### AVAILABLE DATA
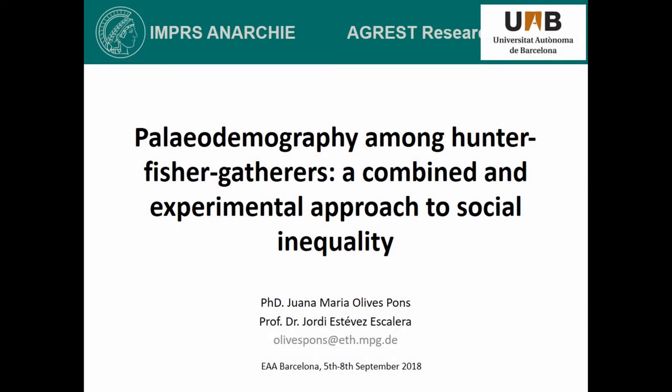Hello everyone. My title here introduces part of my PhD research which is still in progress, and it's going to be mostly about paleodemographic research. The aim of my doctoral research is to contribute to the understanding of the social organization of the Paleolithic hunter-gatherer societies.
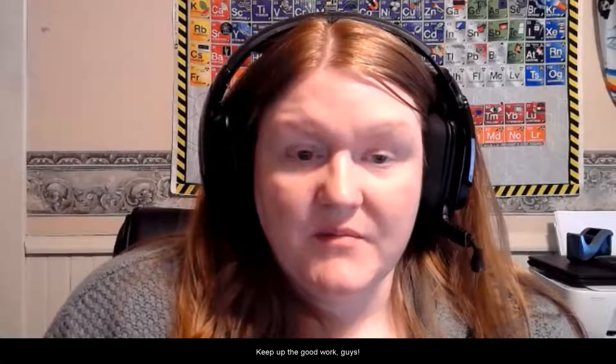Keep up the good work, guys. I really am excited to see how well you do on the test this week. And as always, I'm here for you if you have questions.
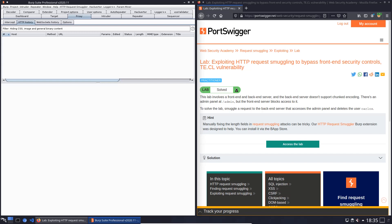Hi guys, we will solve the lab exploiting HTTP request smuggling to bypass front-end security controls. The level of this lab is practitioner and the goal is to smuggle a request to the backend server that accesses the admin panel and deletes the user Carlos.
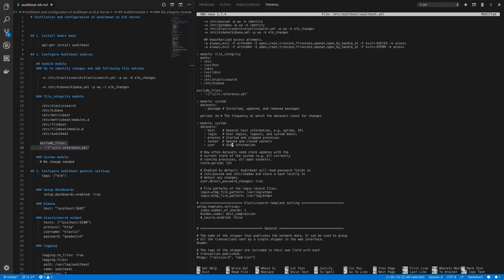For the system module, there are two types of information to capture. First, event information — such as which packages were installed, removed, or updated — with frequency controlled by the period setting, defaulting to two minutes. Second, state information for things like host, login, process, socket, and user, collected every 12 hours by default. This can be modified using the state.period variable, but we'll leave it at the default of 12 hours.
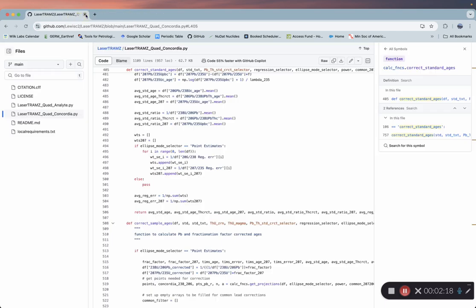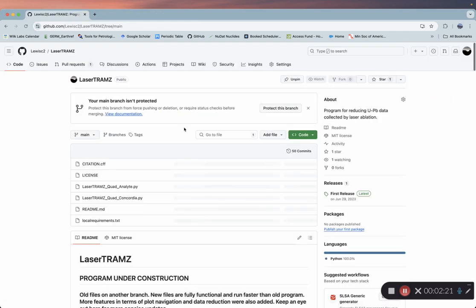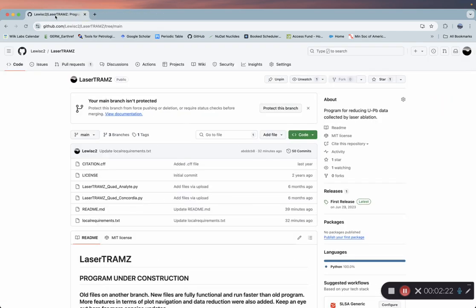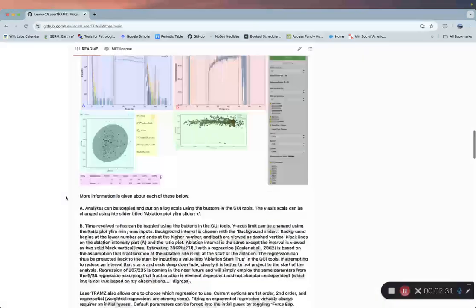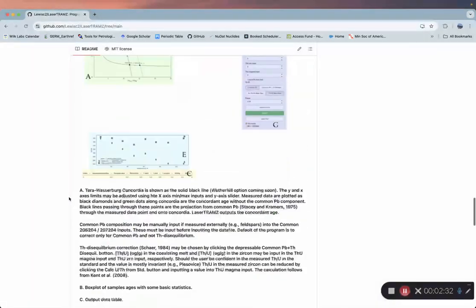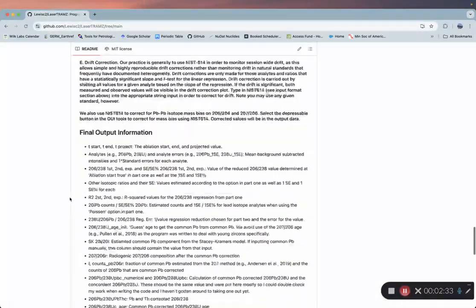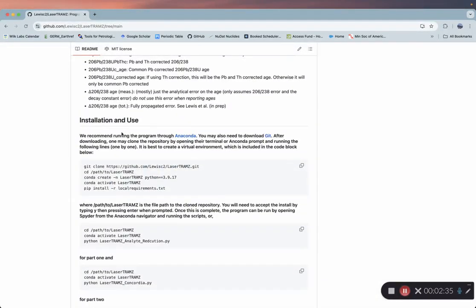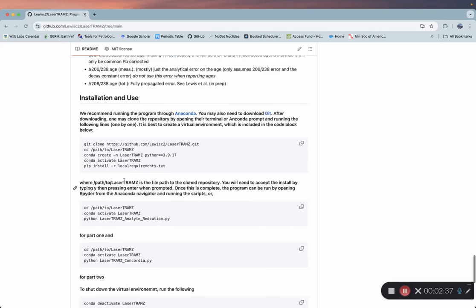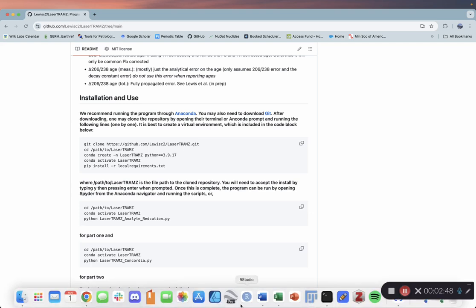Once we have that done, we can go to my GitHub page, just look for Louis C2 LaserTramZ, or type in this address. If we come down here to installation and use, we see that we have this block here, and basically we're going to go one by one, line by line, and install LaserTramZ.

### WHAT YOU SHOULD DO
Reproduce the data above exactly, but only the lines from the one showing "Keep up the" through the one showing "Hi guys, we", with both ends kept and the pictures left out.

### RESPONSE BOX
Keep up the good work, guys. I really am excited to see how well you do on the test this week. And as always, I'm here for you if you have questions.
Hi guys, we will solve the lab exploiting HTTP request smuggling to bypass front-end security controls. The level of this lab is practitioner and the goal is to smuggle a request to the backend server that accesses the admin panel and deletes the user Carlos.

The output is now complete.